* Work instructions
From the top of the entries, reproduce each line exactly, stopping after the line that contains "A charming character". Omit pictures.

* Exercise data

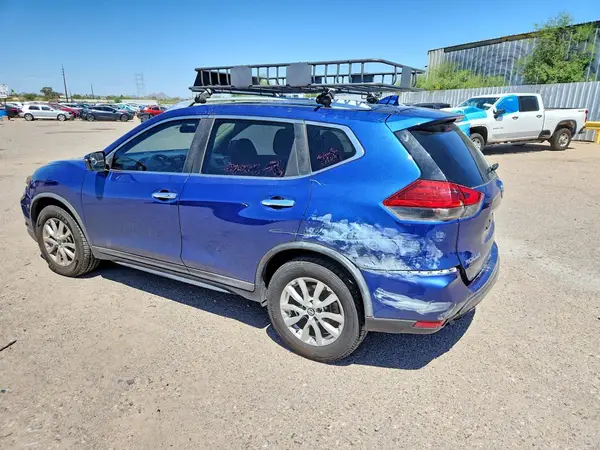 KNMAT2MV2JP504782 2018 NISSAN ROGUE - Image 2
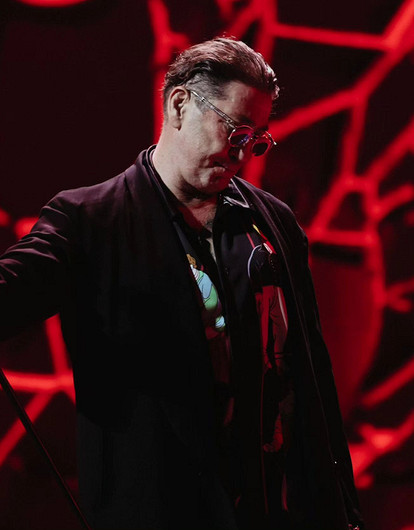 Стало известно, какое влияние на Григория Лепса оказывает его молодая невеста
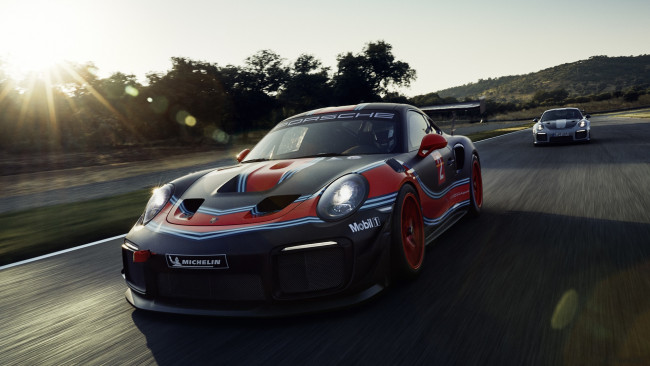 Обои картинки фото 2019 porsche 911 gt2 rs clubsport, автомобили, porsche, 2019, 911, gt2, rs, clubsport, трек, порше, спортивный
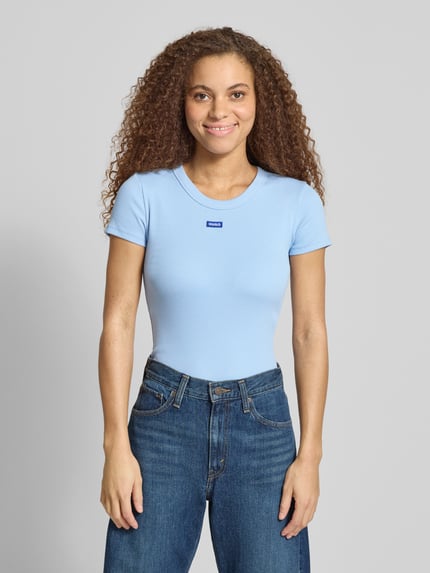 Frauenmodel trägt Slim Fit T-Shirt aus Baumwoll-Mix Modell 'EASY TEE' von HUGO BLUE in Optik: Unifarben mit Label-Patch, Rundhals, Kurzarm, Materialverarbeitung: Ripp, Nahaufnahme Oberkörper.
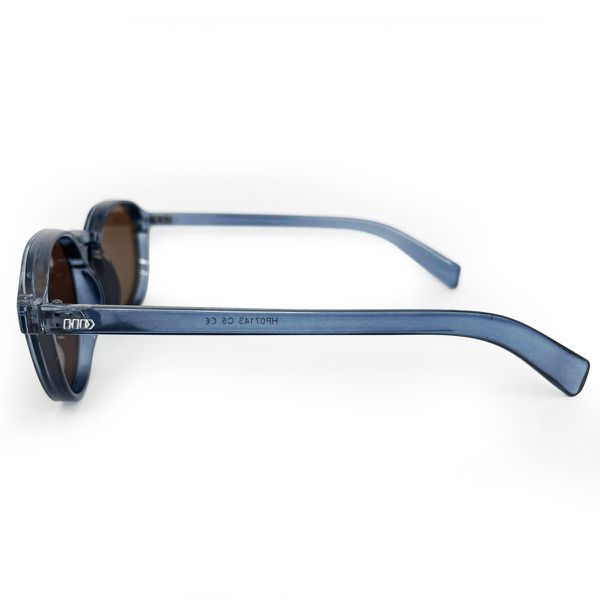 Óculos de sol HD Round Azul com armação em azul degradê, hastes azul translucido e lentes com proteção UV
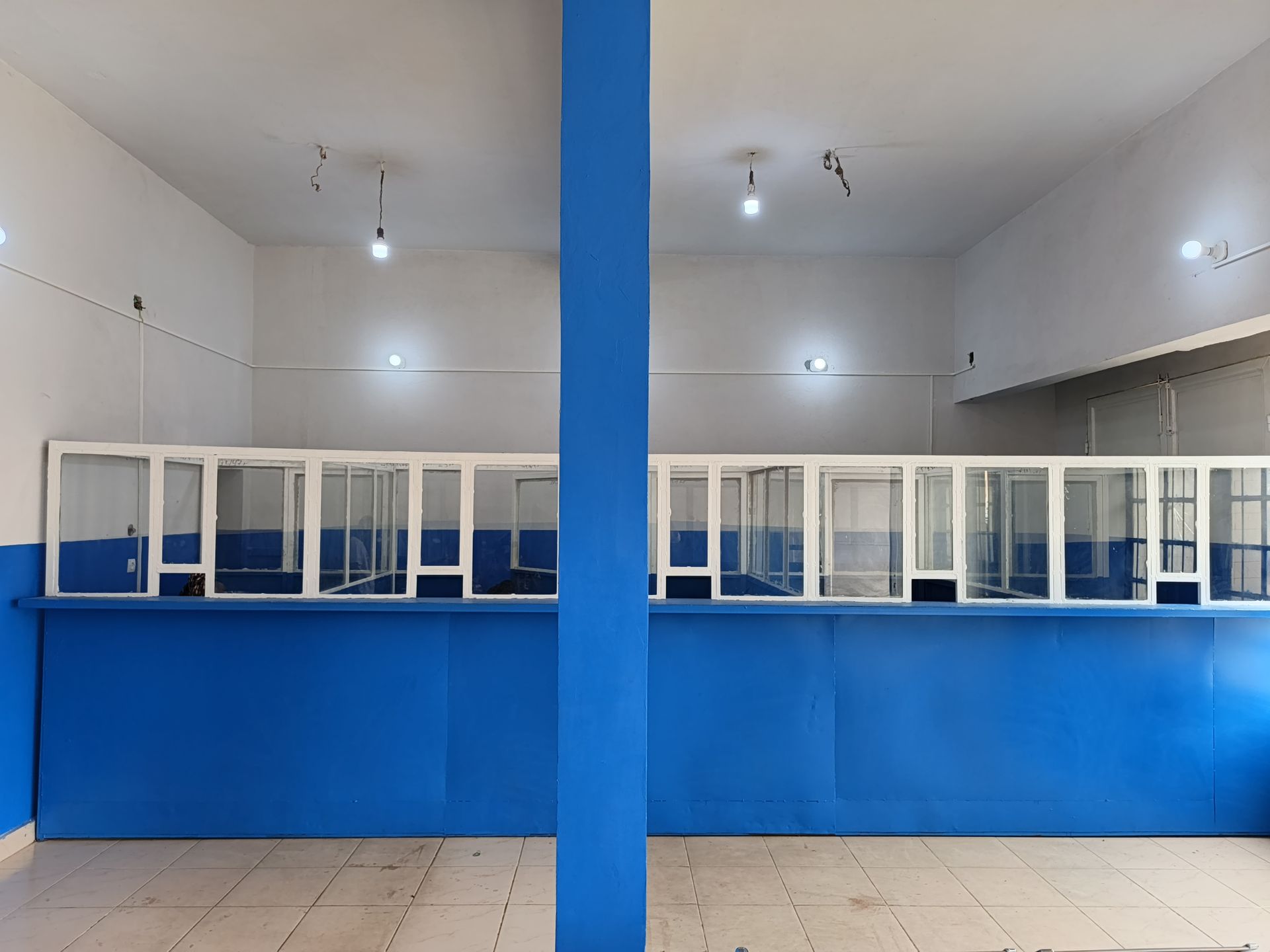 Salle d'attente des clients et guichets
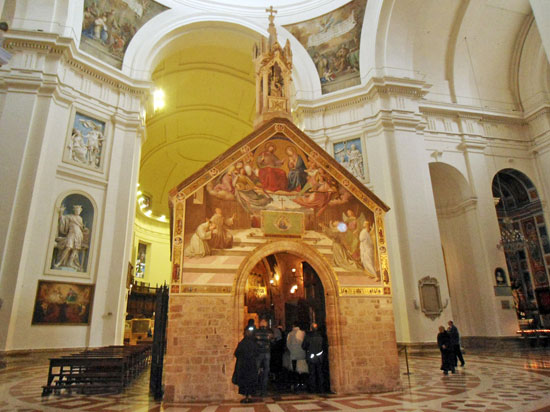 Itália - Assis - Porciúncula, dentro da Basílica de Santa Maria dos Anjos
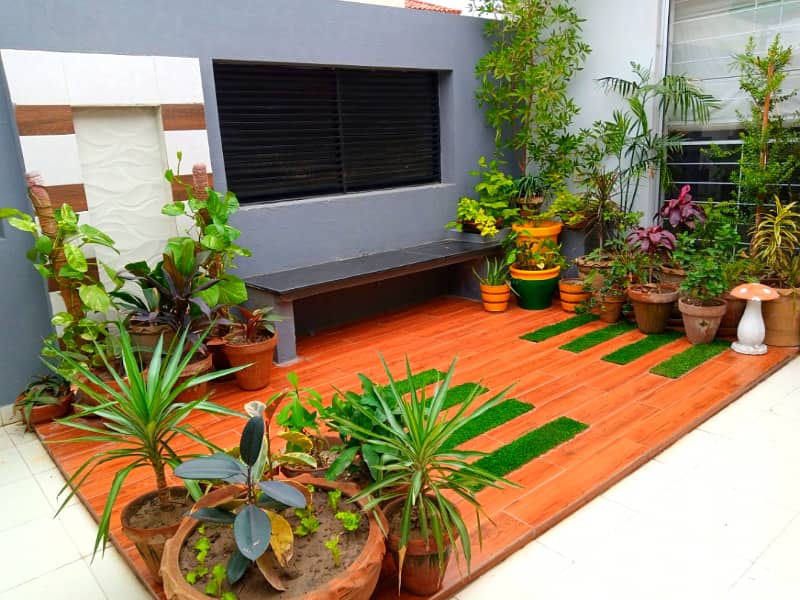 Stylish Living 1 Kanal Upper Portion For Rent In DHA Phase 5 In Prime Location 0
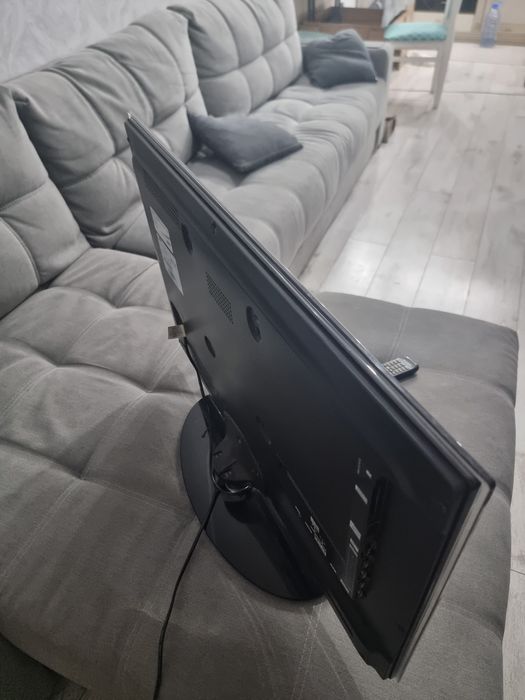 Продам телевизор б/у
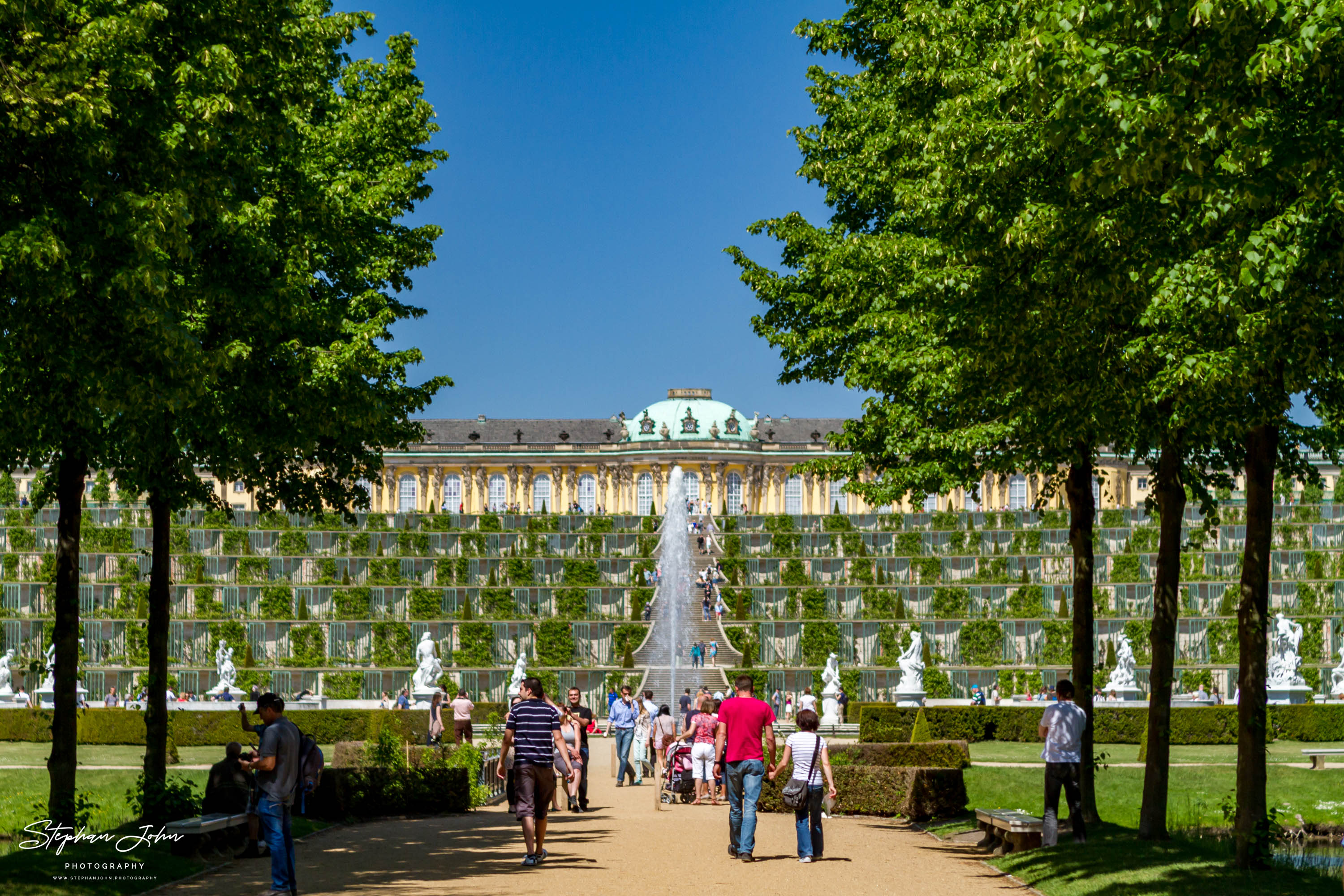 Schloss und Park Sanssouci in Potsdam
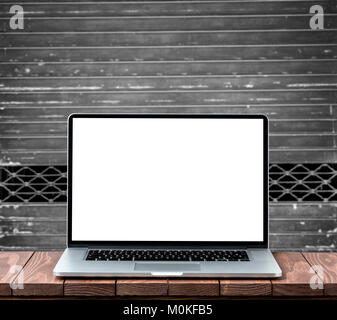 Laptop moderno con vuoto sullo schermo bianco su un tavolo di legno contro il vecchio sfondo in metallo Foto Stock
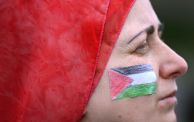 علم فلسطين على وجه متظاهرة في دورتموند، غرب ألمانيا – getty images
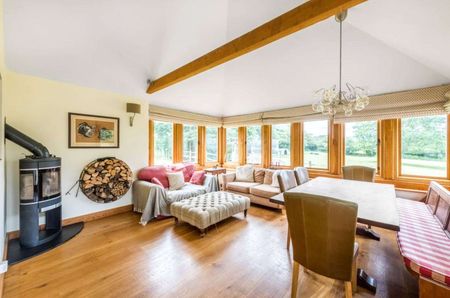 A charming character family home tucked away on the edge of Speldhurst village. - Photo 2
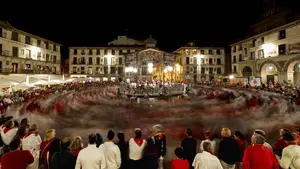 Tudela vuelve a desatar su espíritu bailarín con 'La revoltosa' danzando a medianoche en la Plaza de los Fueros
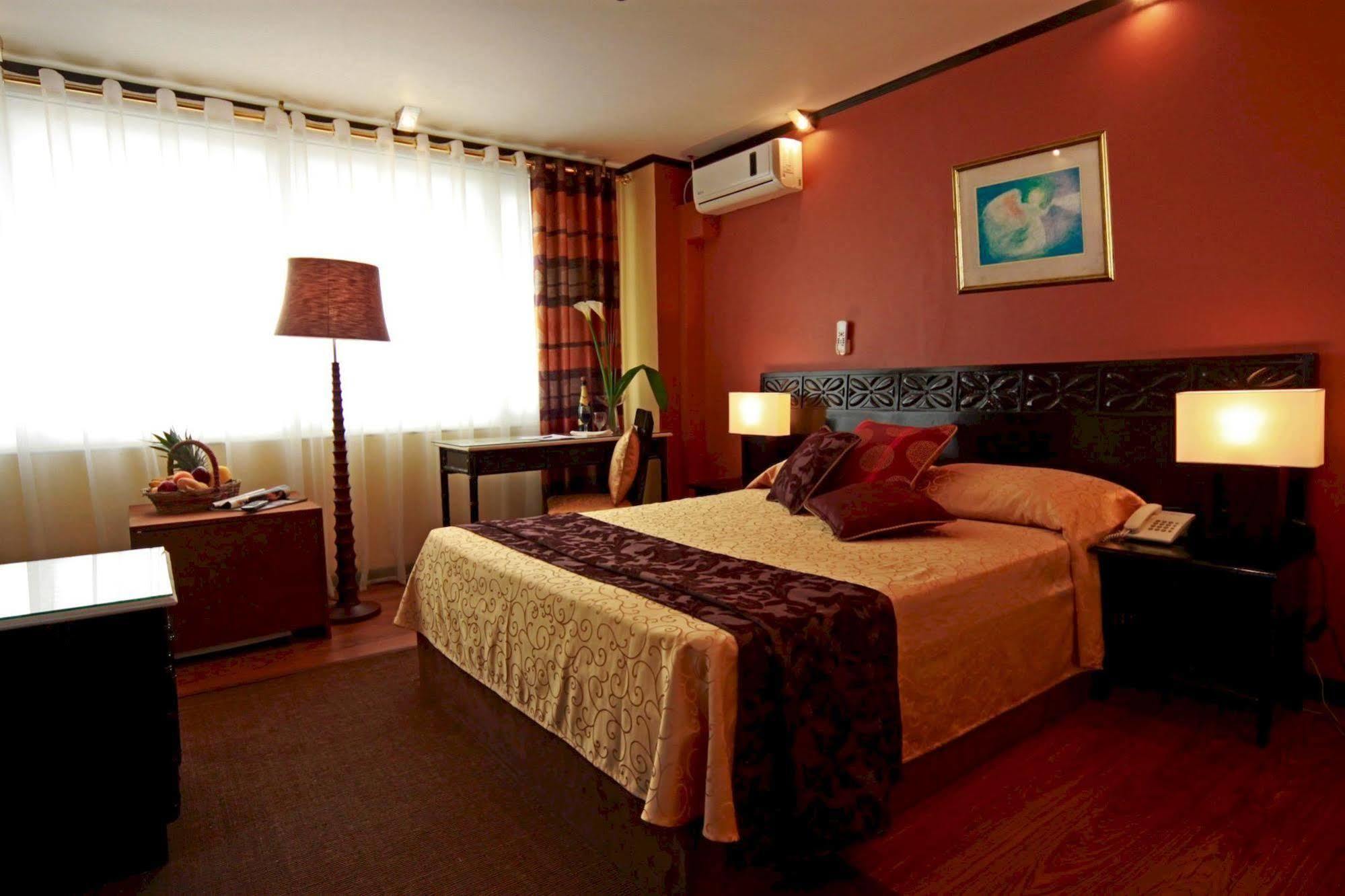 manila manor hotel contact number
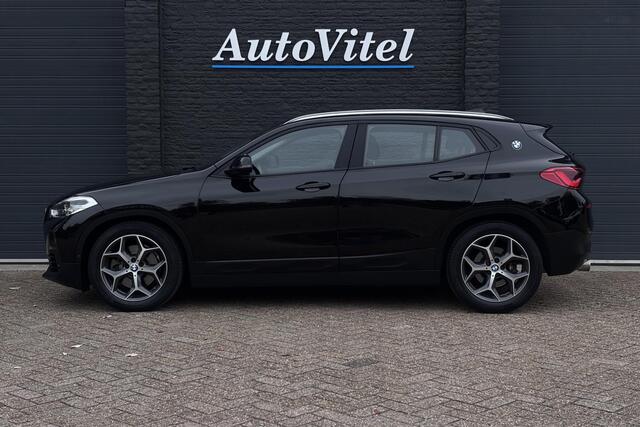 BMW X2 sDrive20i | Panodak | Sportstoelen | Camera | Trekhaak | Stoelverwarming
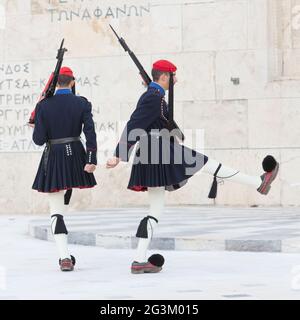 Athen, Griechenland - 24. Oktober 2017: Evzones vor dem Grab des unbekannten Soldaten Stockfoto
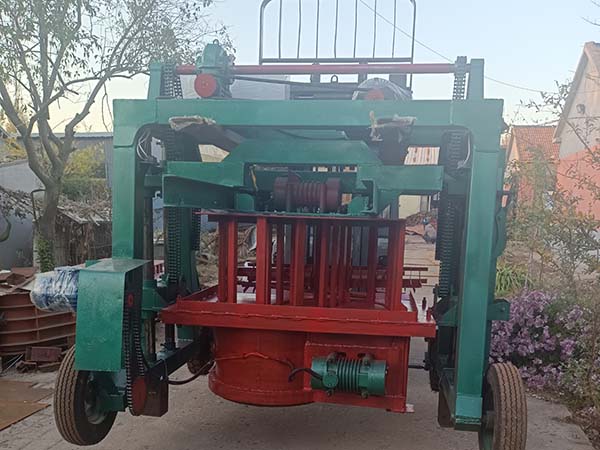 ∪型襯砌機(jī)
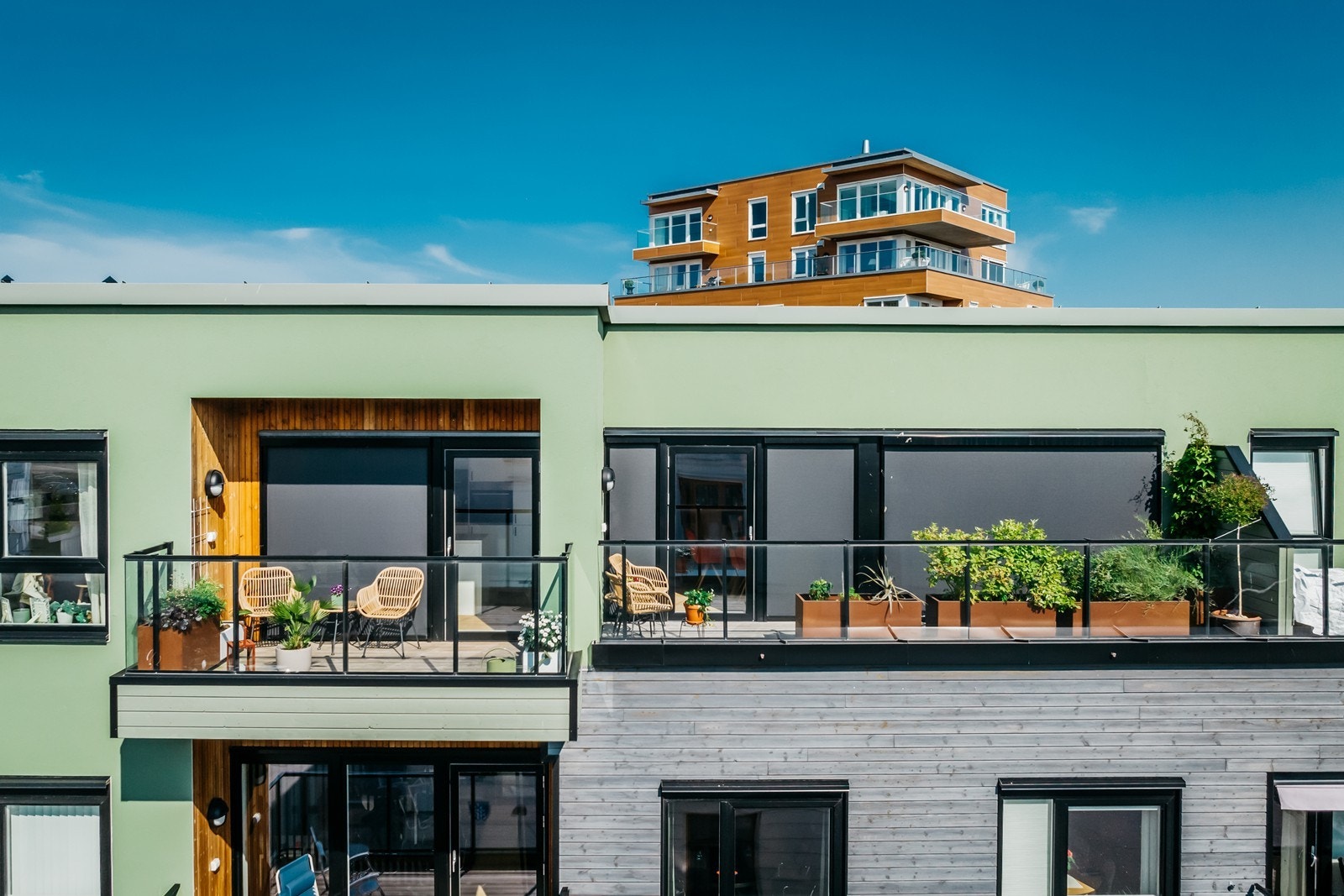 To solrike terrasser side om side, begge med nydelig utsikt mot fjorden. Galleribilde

* Solution for this exercise
 KNMAT2MV2JP504782 2018 NISSAN ROGUE - Image 2
 Стало известно, какое влияние на Григория Лепса оказывает его молодая невеста
 Обои картинки фото 2019 porsche 911 gt2 rs clubsport, автомобили, porsche, 2019, 911, gt2, rs, clubsport, трек, порше, спортивный
 Frauenmodel trägt Slim Fit T-Shirt aus Baumwoll-Mix Modell 'EASY TEE' von HUGO BLUE in Optik: Unifarben mit Label-Patch, Rundhals, Kurzarm, Materialverarbeitung: Ripp, Nahaufnahme Oberkörper.
 Óculos de sol HD Round Azul com armação em azul degradê, hastes azul translucido e lentes com proteção UV
 Salle d'attente des clients et guichets
 Itália - Assis - Porciúncula, dentro da Basílica de Santa Maria dos Anjos
 Stylish Living 1 Kanal Upper Portion For Rent In DHA Phase 5 In Prime Location 0
 Продам телевизор б/у
 Schloss und Park Sanssouci in Potsdam
 Laptop moderno con vuoto sullo schermo bianco su un tavolo di legno contro il vecchio sfondo in metallo Foto Stock
 علم فلسطين على وجه متظاهرة في دورتموند، غرب ألمانيا – getty images
 A charming character family home tucked away on the edge of Speldhurst village. - Photo 2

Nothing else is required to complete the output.